(Brief descriptive captions)
# # # # #

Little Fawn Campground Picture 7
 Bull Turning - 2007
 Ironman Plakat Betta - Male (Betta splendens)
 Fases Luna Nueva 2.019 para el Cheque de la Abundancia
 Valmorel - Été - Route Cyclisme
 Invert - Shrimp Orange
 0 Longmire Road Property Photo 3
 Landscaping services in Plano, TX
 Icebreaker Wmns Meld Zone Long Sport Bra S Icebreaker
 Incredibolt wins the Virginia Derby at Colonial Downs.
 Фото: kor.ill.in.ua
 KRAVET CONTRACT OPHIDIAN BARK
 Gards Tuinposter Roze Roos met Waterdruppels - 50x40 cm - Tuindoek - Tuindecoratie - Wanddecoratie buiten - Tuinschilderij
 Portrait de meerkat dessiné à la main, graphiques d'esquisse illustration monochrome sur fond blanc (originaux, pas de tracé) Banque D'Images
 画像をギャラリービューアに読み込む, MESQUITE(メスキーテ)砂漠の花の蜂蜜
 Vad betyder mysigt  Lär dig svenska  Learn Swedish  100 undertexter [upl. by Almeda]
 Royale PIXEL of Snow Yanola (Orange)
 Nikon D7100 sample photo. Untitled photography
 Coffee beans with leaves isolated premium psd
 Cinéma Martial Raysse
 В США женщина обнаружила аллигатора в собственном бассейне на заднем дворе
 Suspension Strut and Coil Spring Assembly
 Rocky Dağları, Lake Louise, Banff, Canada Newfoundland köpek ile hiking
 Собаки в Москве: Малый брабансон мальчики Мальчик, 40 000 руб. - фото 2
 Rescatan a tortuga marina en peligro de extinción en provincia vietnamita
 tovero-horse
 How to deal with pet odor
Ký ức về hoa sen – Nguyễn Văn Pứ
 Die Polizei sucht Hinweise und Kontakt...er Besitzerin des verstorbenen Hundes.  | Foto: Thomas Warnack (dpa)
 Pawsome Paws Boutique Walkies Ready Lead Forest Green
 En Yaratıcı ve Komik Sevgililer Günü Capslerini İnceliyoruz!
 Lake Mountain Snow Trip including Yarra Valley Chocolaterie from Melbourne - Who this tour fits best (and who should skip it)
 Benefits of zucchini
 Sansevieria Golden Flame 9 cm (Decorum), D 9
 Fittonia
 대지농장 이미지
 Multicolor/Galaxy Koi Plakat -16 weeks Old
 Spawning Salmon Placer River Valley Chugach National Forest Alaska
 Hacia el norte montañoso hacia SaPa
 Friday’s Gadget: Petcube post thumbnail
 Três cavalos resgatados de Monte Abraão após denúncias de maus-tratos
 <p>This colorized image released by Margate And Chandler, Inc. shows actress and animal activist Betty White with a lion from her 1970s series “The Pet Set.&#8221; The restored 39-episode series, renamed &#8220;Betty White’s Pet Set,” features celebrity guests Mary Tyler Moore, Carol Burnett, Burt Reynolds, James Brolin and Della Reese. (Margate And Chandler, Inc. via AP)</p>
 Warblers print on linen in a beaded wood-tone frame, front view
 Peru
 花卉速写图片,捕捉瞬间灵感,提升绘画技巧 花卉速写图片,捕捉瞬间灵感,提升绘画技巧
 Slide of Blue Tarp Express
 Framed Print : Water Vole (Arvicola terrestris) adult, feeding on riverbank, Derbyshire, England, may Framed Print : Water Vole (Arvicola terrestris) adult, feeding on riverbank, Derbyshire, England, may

# # # # #

EXERCISE AIM: Lines holding the word "Plakat" should be copied from the entries above.

OUTPUT OF THE EXERCISE:
 Ironman Plakat Betta - Male (Betta splendens)
 Multicolor/Galaxy Koi Plakat -16 weeks Old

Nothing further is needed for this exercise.